Readme
DeepSeek OCR
Extract text from images and convert documents into clean, structured markdown.
What it does
DeepSeek OCR reads text from images and turns it into markdown. Upload a screenshot, PDF, scanned document, or photo with text, and it’ll extract everything while preserving the structure like tables, headings, and formatting.
This model handles:
Documents and PDFs: Academic papers, financial reports, textbooks, newspapers, and handwritten notes across 100 languages
Complex layouts: Multi-column documents, tables, forms, and receipts with the structure intact
Mathematical content: Equations and formulas converted to LaTeX format
Scientific content: Chemical formulas and geometric figures
Charts and visualizations: Data extraction from graphs and charts into structured formats
How it works differently
Most optical character recognition tools just find text and spit it back out. DeepSeek OCR understands the entire document as a visual sequence. It sees the layout, interprets the structure, and generates markdown like a person would write it.
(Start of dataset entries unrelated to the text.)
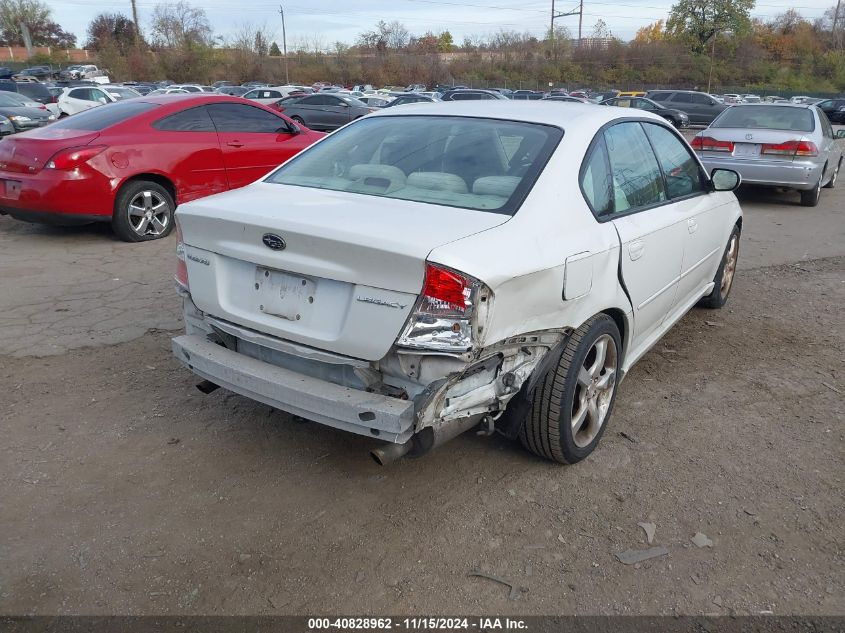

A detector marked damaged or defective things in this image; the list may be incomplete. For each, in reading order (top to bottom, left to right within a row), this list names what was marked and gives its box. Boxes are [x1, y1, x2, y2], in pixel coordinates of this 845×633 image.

damaged rear bumper [173, 334, 418, 442]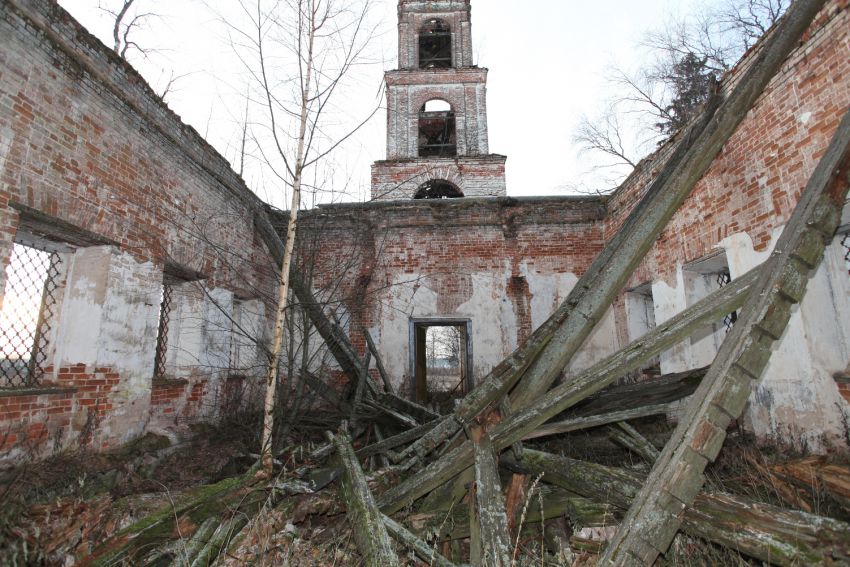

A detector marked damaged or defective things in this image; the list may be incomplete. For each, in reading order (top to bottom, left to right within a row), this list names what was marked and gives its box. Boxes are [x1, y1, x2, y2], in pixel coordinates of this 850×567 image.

damaged window opening [418, 19, 450, 69]
damaged window opening [416, 100, 454, 158]
damaged window opening [412, 181, 460, 201]
rusty metal grate [0, 242, 62, 388]
damaged window opening [0, 242, 62, 388]
damaged window opening [152, 280, 174, 380]
rusty metal grate [153, 282, 173, 380]
damaged window opening [410, 320, 470, 412]
rusty metal grate [716, 270, 736, 332]
damaged window opening [716, 270, 736, 332]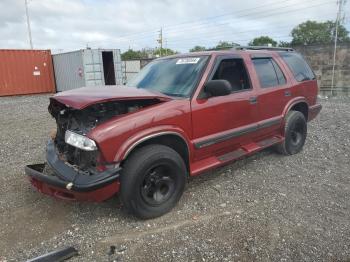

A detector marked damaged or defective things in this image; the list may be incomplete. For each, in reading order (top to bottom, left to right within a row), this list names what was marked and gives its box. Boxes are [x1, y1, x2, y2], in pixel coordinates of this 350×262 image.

rusty orange container [0, 49, 55, 96]
crumpled hood [51, 85, 172, 109]
front bumper damage [24, 140, 120, 202]
exposed headlight assembly [64, 130, 96, 150]
broken headlight [64, 130, 97, 150]
damaged front end [25, 96, 162, 201]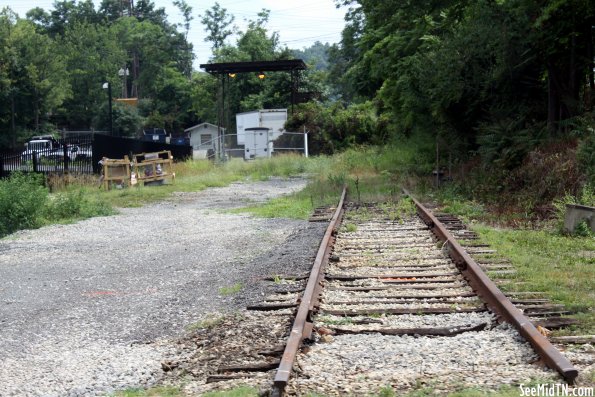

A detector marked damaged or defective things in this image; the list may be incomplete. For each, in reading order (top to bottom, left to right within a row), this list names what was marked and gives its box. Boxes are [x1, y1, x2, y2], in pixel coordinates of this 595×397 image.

rusty railroad track [268, 186, 576, 396]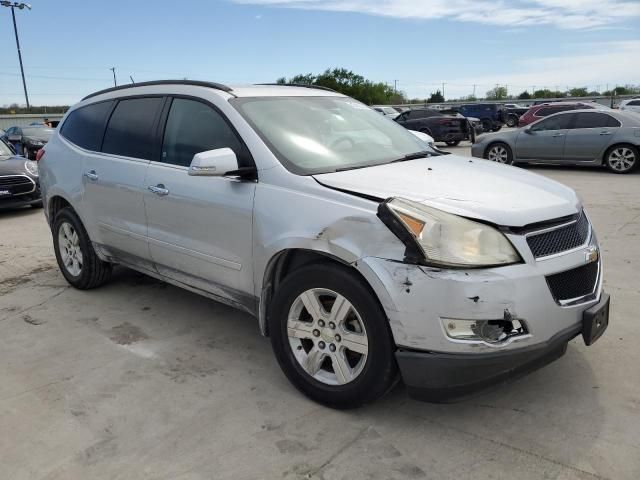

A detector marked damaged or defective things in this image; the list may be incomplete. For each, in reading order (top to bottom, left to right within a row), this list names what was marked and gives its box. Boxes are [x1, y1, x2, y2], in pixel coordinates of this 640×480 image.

broken headlight [380, 197, 520, 268]
damaged bumper [358, 237, 608, 402]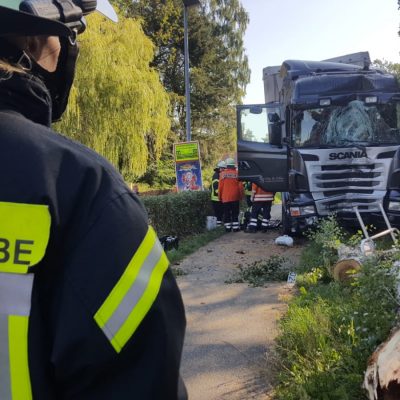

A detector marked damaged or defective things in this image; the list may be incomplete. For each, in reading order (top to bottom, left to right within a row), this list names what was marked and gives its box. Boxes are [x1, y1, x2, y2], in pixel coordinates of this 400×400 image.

cracked windshield [292, 99, 400, 147]
damaged truck windshield [292, 101, 400, 148]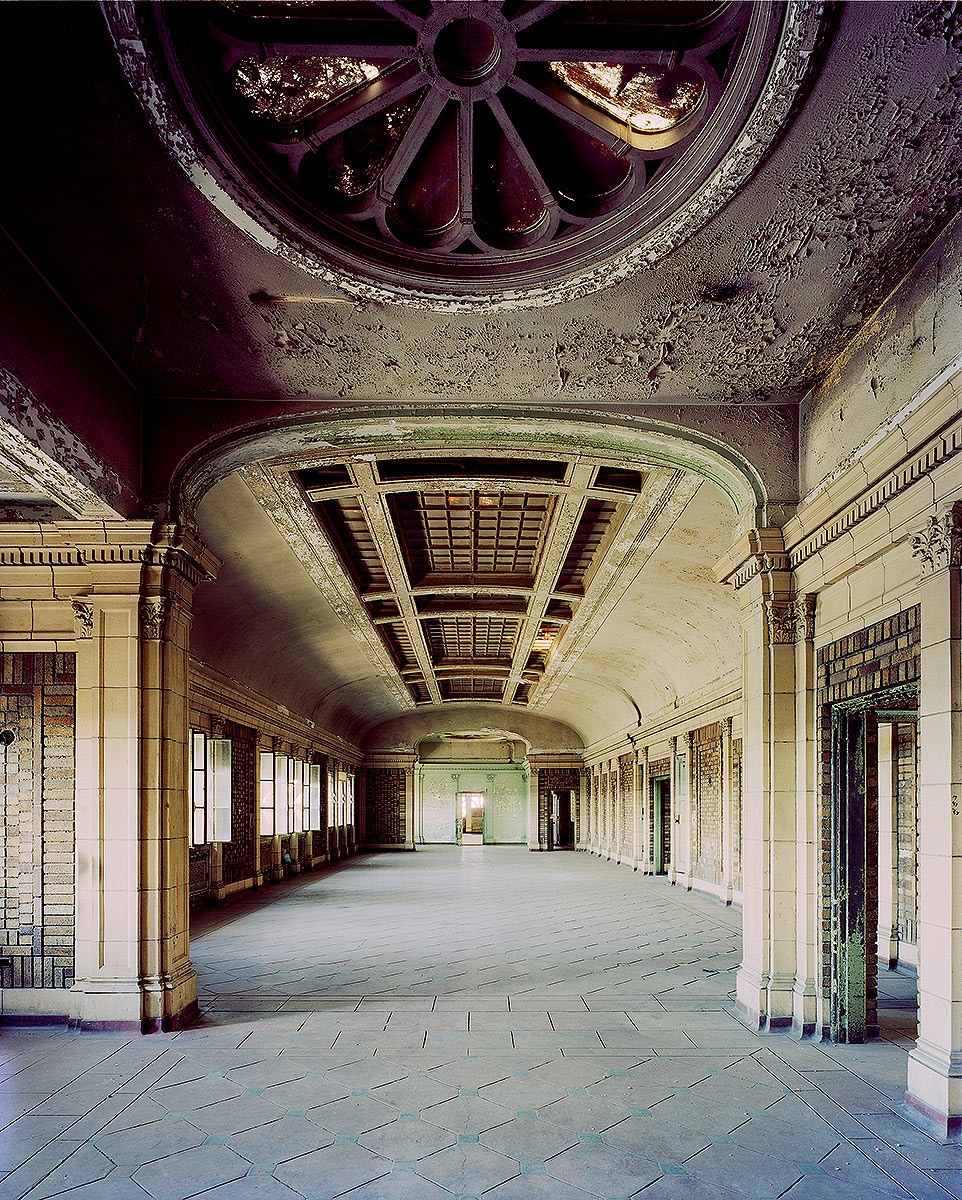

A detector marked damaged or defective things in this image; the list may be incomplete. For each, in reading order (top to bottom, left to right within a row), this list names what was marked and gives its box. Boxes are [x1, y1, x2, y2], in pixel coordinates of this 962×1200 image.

water damaged ceiling [0, 2, 954, 748]
chipped plaster wall [796, 212, 959, 496]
The result is markdown you can immediately use in notebooks, documentation, or feed into other AI models without cleanup.
What makes it interesting
DeepSeek OCR compresses visual information incredibly efficiently. A document that would normally need 700-800 text tokens can be processed using just 100 visual tokens while maintaining 97% accuracy. This breakthrough approach treats documents as compressed visual data rather than just extracting characters.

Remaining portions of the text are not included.